▶ [Problem description]:
Output the data below only from the line containing "L字 USBケーブル 延長" up to and including the line containing "Blue-ray Oil Painting", exact and with the pictures left out.
(Source data Opens)
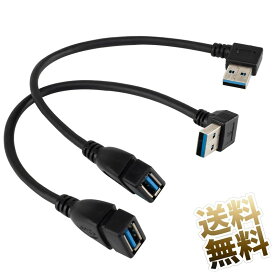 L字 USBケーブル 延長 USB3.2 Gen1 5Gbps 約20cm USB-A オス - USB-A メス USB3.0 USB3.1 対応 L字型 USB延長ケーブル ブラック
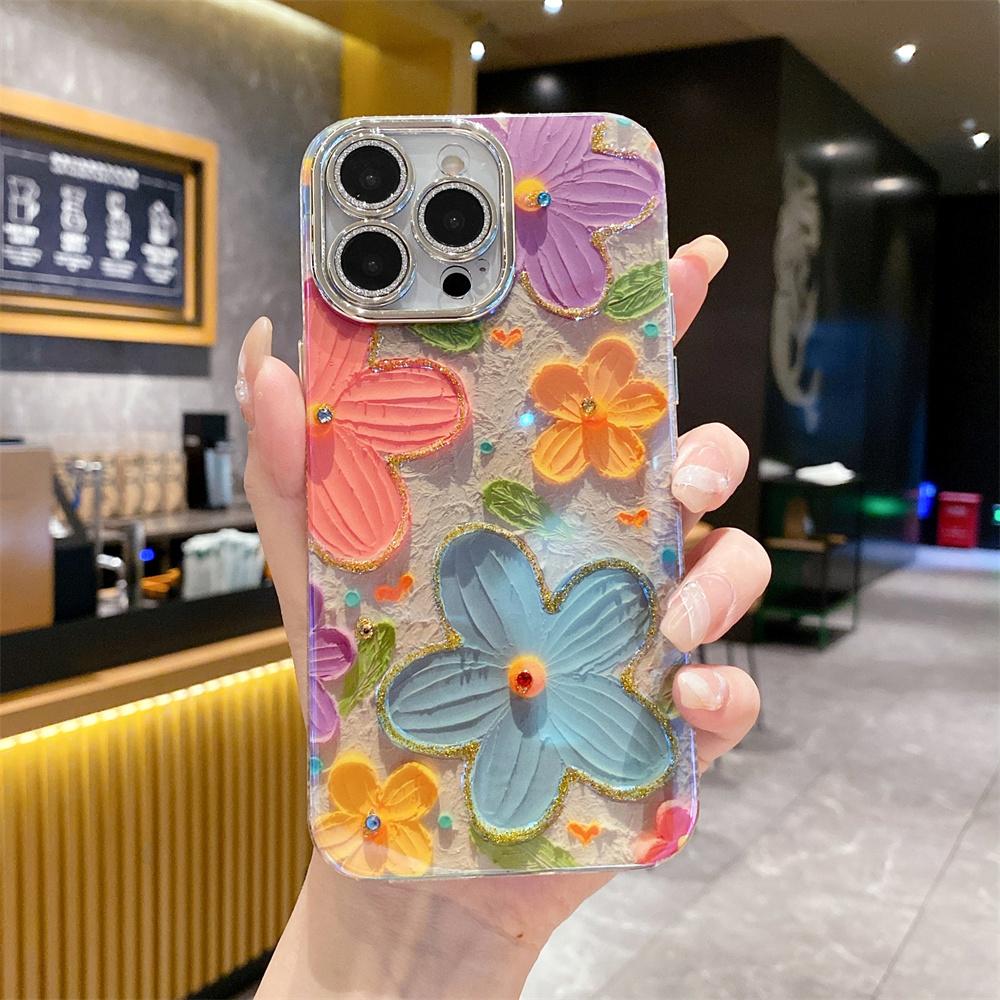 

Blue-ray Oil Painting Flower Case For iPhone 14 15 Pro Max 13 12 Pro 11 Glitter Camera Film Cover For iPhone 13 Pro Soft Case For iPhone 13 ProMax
(Source data Closes)
(Source data Opens)
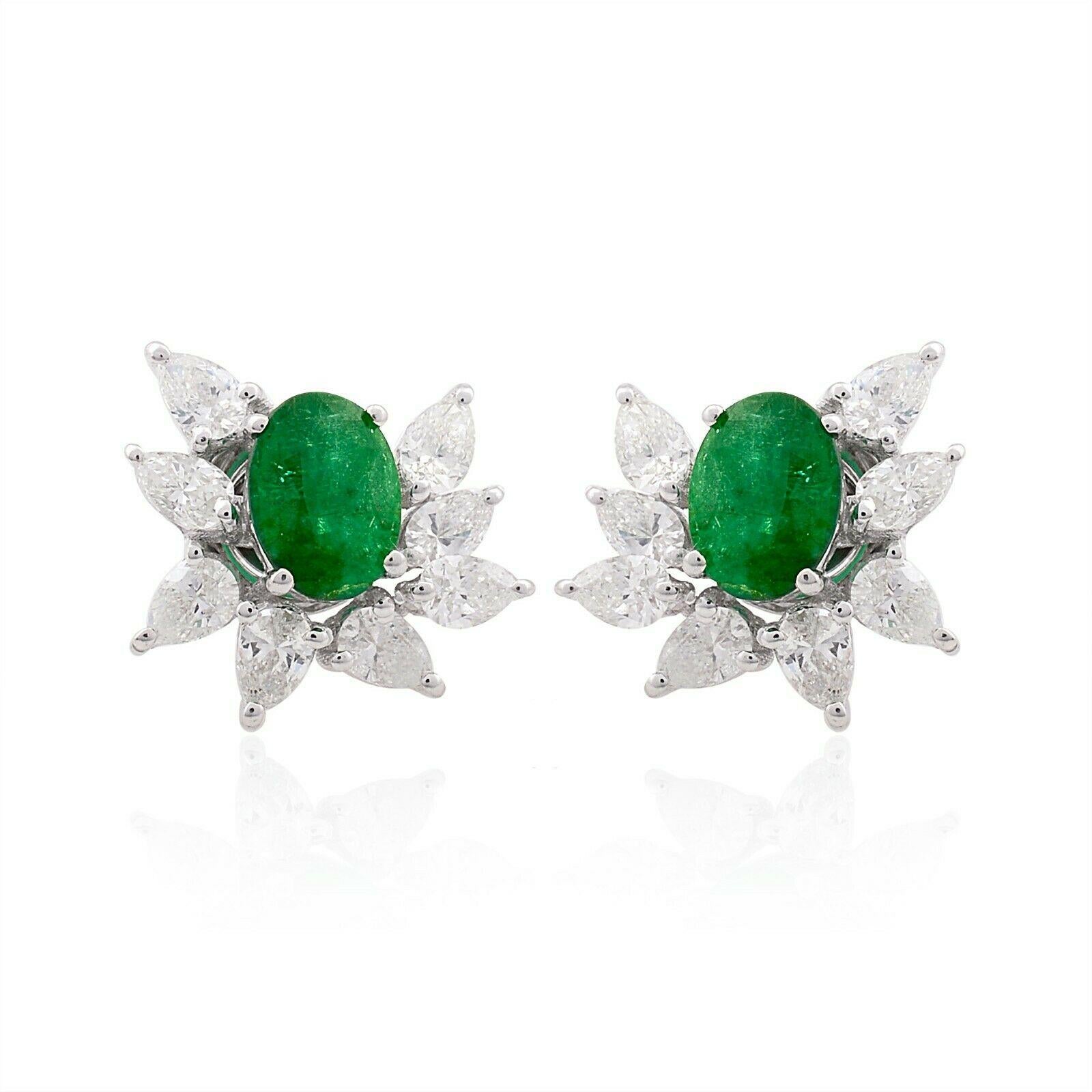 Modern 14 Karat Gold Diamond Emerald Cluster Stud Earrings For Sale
(Source data Closes)
▶ [Your response]:
 L字 USBケーブル 延長 USB3.2 Gen1 5Gbps 約20cm USB-A オス - USB-A メス USB3.0 USB3.1 対応 L字型 USB延長ケーブル ブラック

Blue-ray Oil Painting Flower Case For iPhone 14 15 Pro Max 13 12 Pro 11 Glitter Camera Film Cover For iPhone 13 Pro Soft Case For iPhone 13 ProMax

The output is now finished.